19-year-old Helena Muffly wrote exactly 100 years ago today:
Saturday, April 4, 1914: My bouncer of a cousin Alma came over on the train this afternoon. All three of us went to a play up town. Didn’t get to bed till after 12, and then I had to sleep on the rail, it was rather fun though. Wonder I didn’t roll out.

Her middle-aged granddaughter’s comments 100 years later:
When I first read this diary entry it didn’t make any sense to me. What the heck, did “bouncer” mean? Did I transcribe it incorrectly—even though Grandma wrote the word clearly?
Then I googled “bouncer archaic definition”, and discovered that an archaic meaning is:
bouncer: One who bounces; a large, heavy person who makes much noise in moving.

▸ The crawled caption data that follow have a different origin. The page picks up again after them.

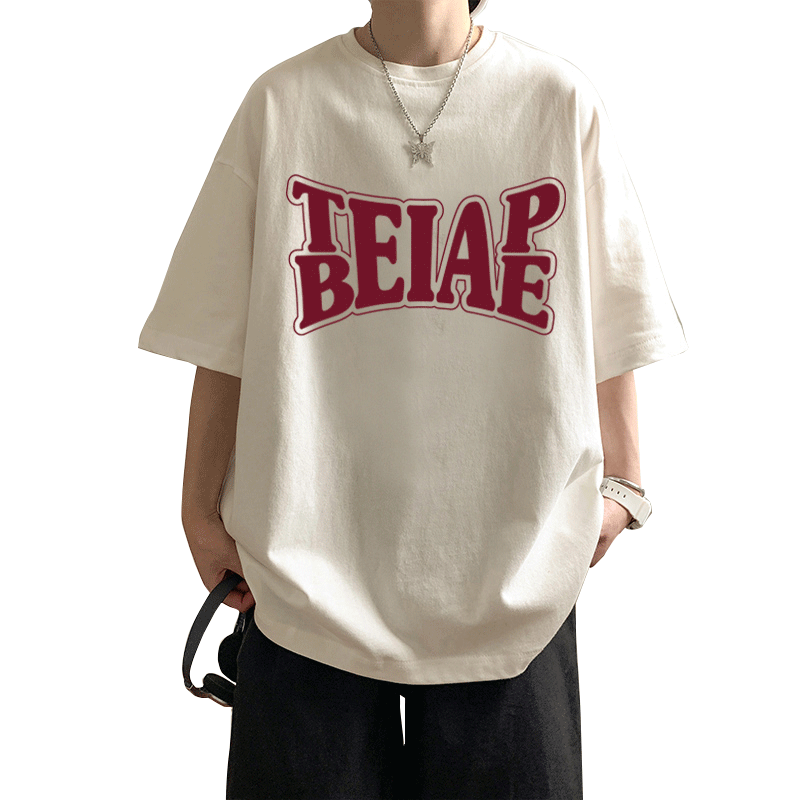 Trendy loose men's and women's pure cotton short-sleeved round neck T-shirts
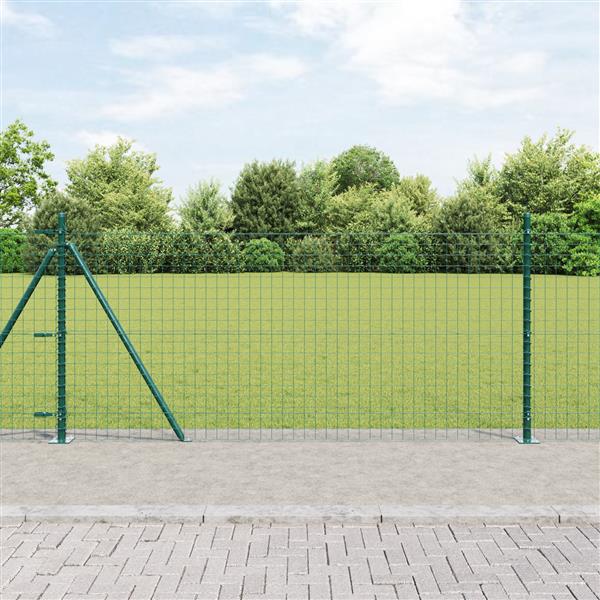 Grote foto vidaxl hekpalen 7 pcs groen 32mm 110 cm gegalvaniseerd staal tuin en terras overige tuin en terras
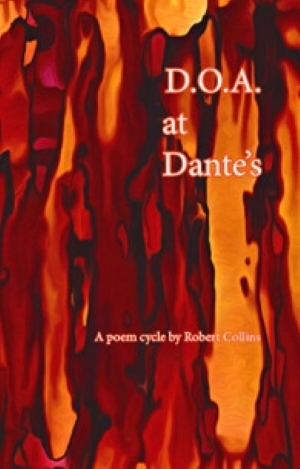 Cover of D.O.A. at Dante's. Cover has an abstract background in shades of red and orange. 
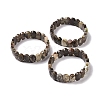 Natural Wealth Stone Jasper Oval Beaded Stretch Bracelet G-E010-01X-2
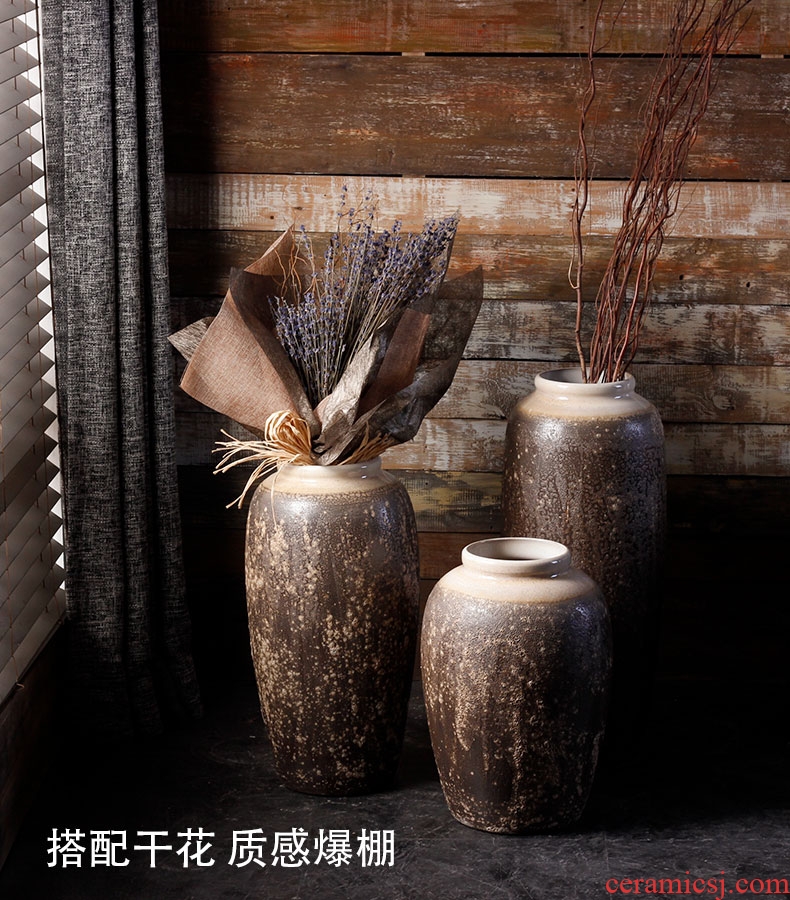 Jingdezhen ceramic vase landing European I and contracted sitting room TV ark, creative dry flower arranging flowers large furnishing articles - 537400977032
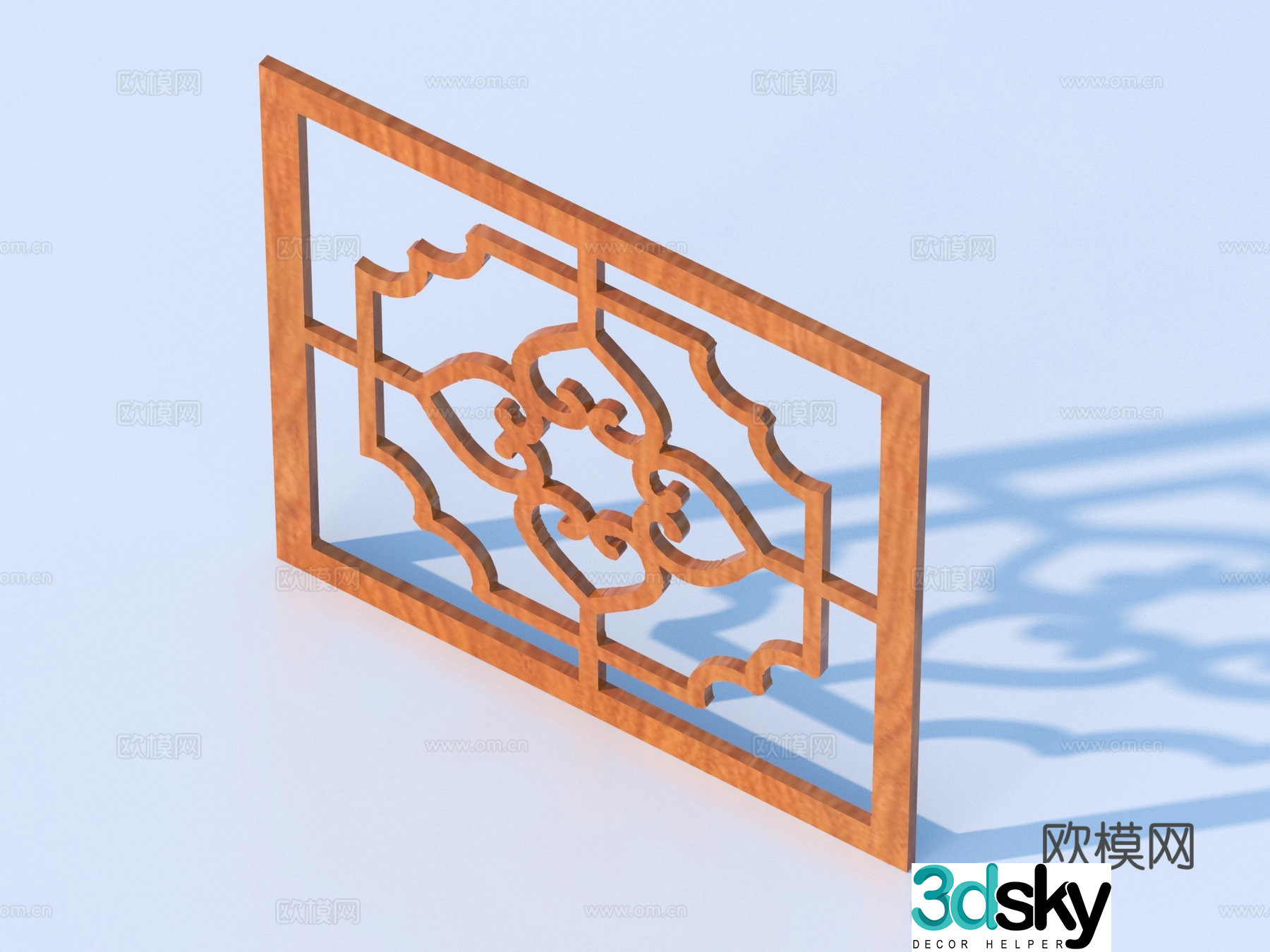 Carved window Grating window Hollow window Relief Wood carving 3D model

Wow—Now that I know the meaning, what a descriptive word! I suddenly can almost picture Alma in my mind.
—
I think that Grandma and her sister Ruth shared a double bed during the months when the weather was cold. I suppose that Ruth, Alma, and Grandma all squeezed into the bed—and that Grandma was so far to the edge that she was right against the side rail.
Now that I think about it—most beds no longer have side rails; but I guess that metal bed frames hadn’t yet been invented a hundred years ago.